Die Empfehlungen von Jeukendrup (2017a) lauten deshalb wie folgt: Ab einer Wettkampfdauer von 90 Minuten lohnt sich das „Carboloading“ vor dem Wettkampf. Während eines Wettkampfs sollte der Gewichtsverlust (vor allem durch den Flüssigkeitsverlust, der ebenso zu starken Leistungseinbußen führen kann) nicht mehr als 2-3 % betragen. Deshalb muss die Verpflegung individualisiert werden.

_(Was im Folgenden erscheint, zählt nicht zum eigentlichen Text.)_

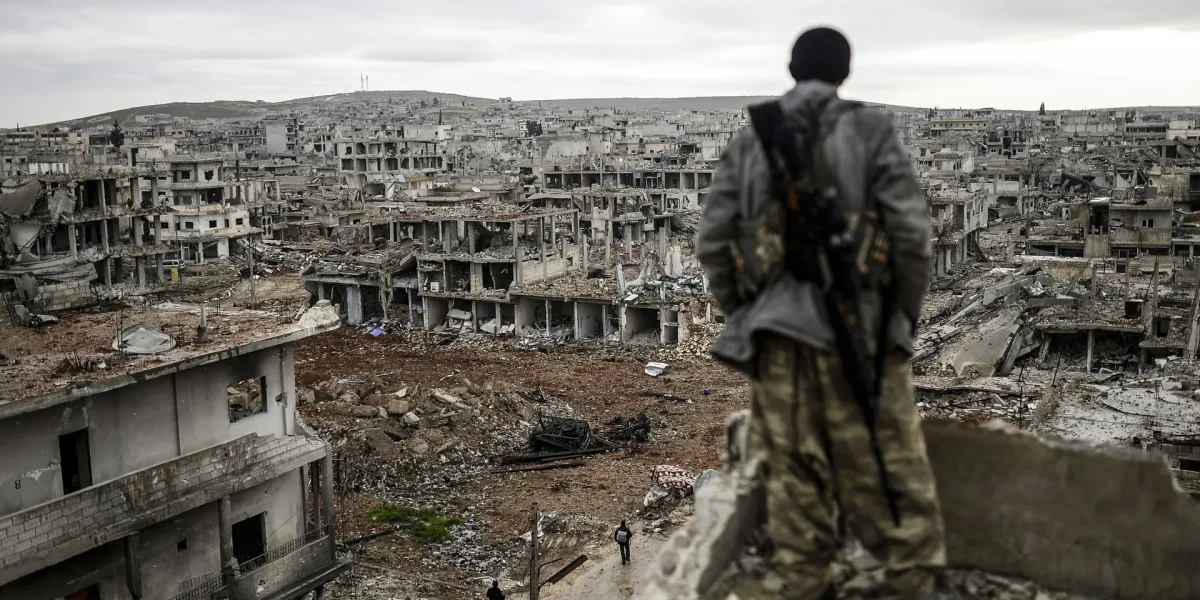 "A MAN STANDS ATOP A BUILDING LOOKING AT THE DESTROYED SYRIAN TOWN OF KOBANE, ALSO KNOWN AS AIN AL-ARAB, 2015." via history.com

So kann eine Kohlenhydrataufnahme während des Trainings/Wettkampfs die Ausdauerleistung selbst bei hohen Intensitäten (> 75 % VO2max) und relativ kurzer Dauer (~1 h) steigern. Dafür reicht es aus, wenn die Mundschleimhaut Kohlenhydrate „registriert“ („carbohydrate mouth rinses“). Es geht nicht um den metabolischen Effekt, sondern um das Signal.

Ab einer Wettkampfdauer von 2 h ist es wichtig, Kohlenhydrate aufzunehmen. Die Empfehlung für „serious athletes“ ist die folgende:

Wettkampfdauer Empfohlene Menge an Kohlenhydraten
< 30 min Keine
30 – 75 min Mundspülung
1 – 2 h Bis zu 30 g/h
2 – 3 h Bis zu 60 g/h
> 2,5 h Bis zu 90 g/h

 

Dabei sollten verschiedene Kohlenhydratformen kombiniert werden. Erstens, um eine bessere Verteilung der Energiezufuhr zu gewährleisten, zweitens, um mehr Energie in kürzerer Zeit aufnehmen zu können, drittens, um Verdauungsproblemen vorzubeugen und viertens, um die Flüssigkeitsaufnahme zu verbessern. Um Flüssigkeit besser aufnehmen zu können, sollte Sportgetränken Salz beigegeben werden. Zusätzlich kann Koffein die Ausdauerleistungsfähigkeit steigern.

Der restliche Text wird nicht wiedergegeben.